2. MOTIVATIONS DRIVING FORMATION OF STRATEGIC ALLIANCES (continued)
c. Industry convergence – several high-tech industries are beginning to overlap due to complexity of technological skill set needed to compete and survive in the industry (e.g.,, HDTV)
d. Economies of scale and reduction of risk –
i. Partners can pool resources to increase economies of scale
ii. Partners and share and leverage specific strengths of each other
iii. Sharing different and complementary resources can reduce cost of duplication.
e. Alliances as alternative to mergers – create alliances when political, legal or regulatory constraints prohibit mergers (e.g., code-sharing in airline industry when foreign ownership is prohibited)
B. RISKS AND COSTS OF COLLABORATION
1. Risks of Competitive Collaboration:
a. Asymmetrical benefits – one may use partnership to gain competitive edge over the other (e.g., one partner learns skills from the other but is reluctant to share its own).
b. Control of investments – one partner keeps control over key investments (e.g., in product development, marketing, manufacturing). Other partner becomes dependent.
c. Risk of “learning by doing” – one partner uses knowledge gained from the alliance to compete against the other partner. (i.e., risk of strengthening a competitor)
d. Risk of takeover – fear that alliance may result in the acquisition of one partner by the other.
2. Cost of Strategic and Organizational Complexity
a. Risk and rewards of collaboration become more complex because they must be shared (i.e., allocated) between partners
C. BUILDING AND MANAGING COLLABORATIVE VENTURES
1. Challenges of Building Cooperative Ventures
a. General challenges include
i. Strategic and environmental disparities among partners – individual partners may have opposing strategic objectives
ii. Lack of common experience and perception base – may have different administrative heritages, different organizational cultures
iii. Difficulties in inter-firm communications – e.g., due to different languages, culture
iv. Conflicts of interest and priorities – regarding objectives.
v. Personal differences among managers – due to management teams from different cultural/national backgrounds
b. Pre-alliance Challenges
Challenges faced by firms prior to joining forces with a partner.
i. Analyzing the partner’s strategic and organizational capabilities – often difficult due to lack of adequate information.
ii. Escalation of commitment – managers involved in planning alliance reluctant to back out.
Solution: operational managers responsible for implementation involved in planning.
iii. Defining scope of alliance – problem overstating the scope of the partnership.
Scope more difficult to define due to:
· Complicated cross-ownership of equity
· Need for cross-functional coordination
· Number and scope of joint activities
C. BUILDING AND MANAGING COLLABORATIVE VENTURE (continued)
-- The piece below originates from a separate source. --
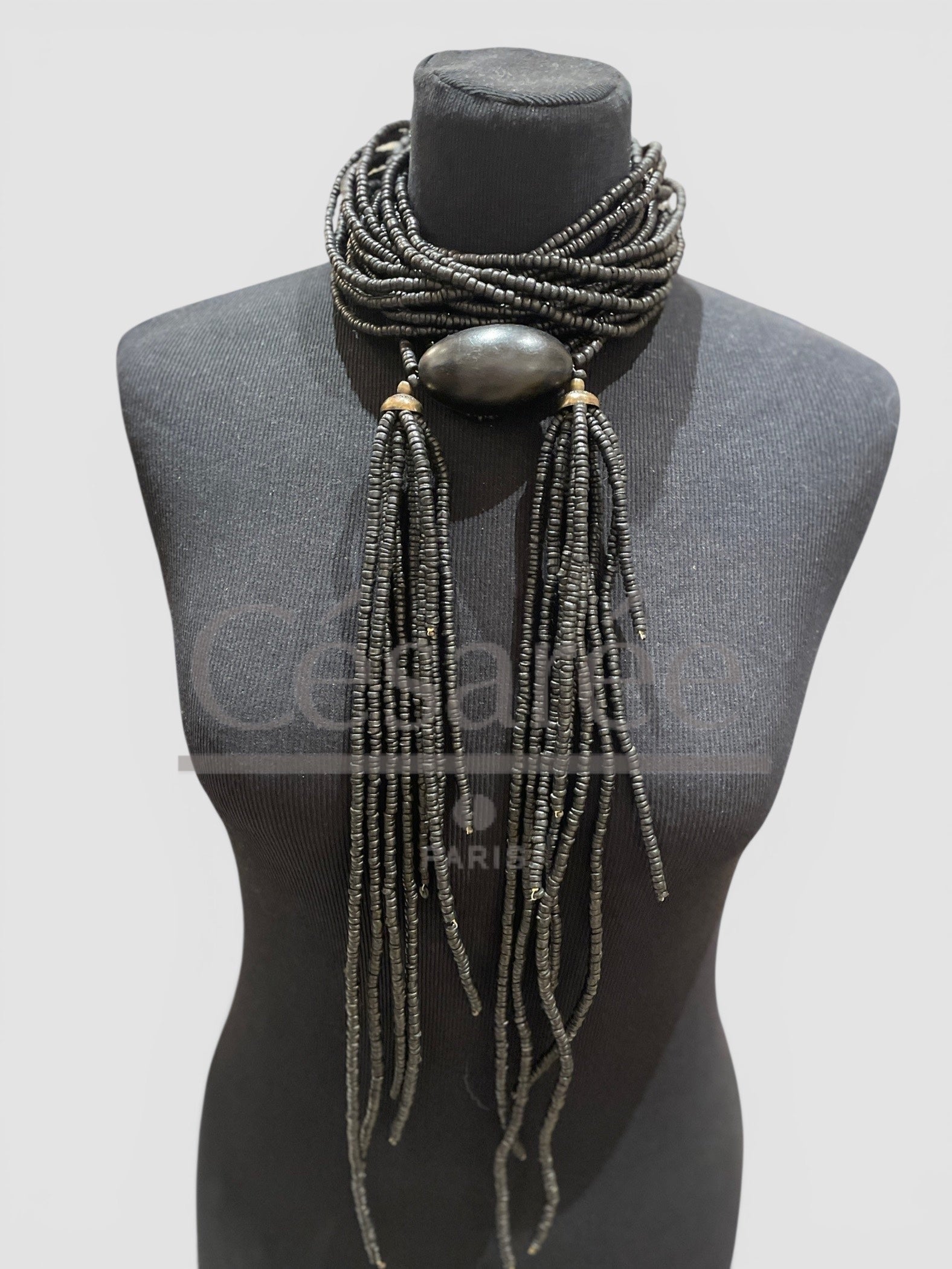 COLLIER CRUZ 4 NOIR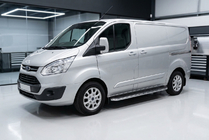 Ford Custom 2013–2022 Sidosteg Maydos V1 (2 st, aluminium / rostfritt) foto 1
2. Challenges of Managing Cooperative Ventures
a. Managing the boundary
i. Setting organizational boundary structures to separate the alliance from the partners’ operations. May use:
· Separate legal entity
· One or both partners given operational control
· Joint committees.
ii. Choice of boundary structure depends on scope. Higher level of interdependent tasks needs structure with more decision-making integration (likely through separate entity).
b. Managing knowledge flows
i. Need to exploit knowledge generated by the partnership
ii. Each needs to protect internal knowledge it does not want to share with the other partner (i.e., appropriability theory).
c. Set up effective governance structure –
i. To provide proper strategic direction.
ii. “Distributive” equality (i.e., win-lose) in negotiations/governance not necessarily desirable (may lead to ineffectiveness). Use “integrative” equality based on relevant task/expertise instead.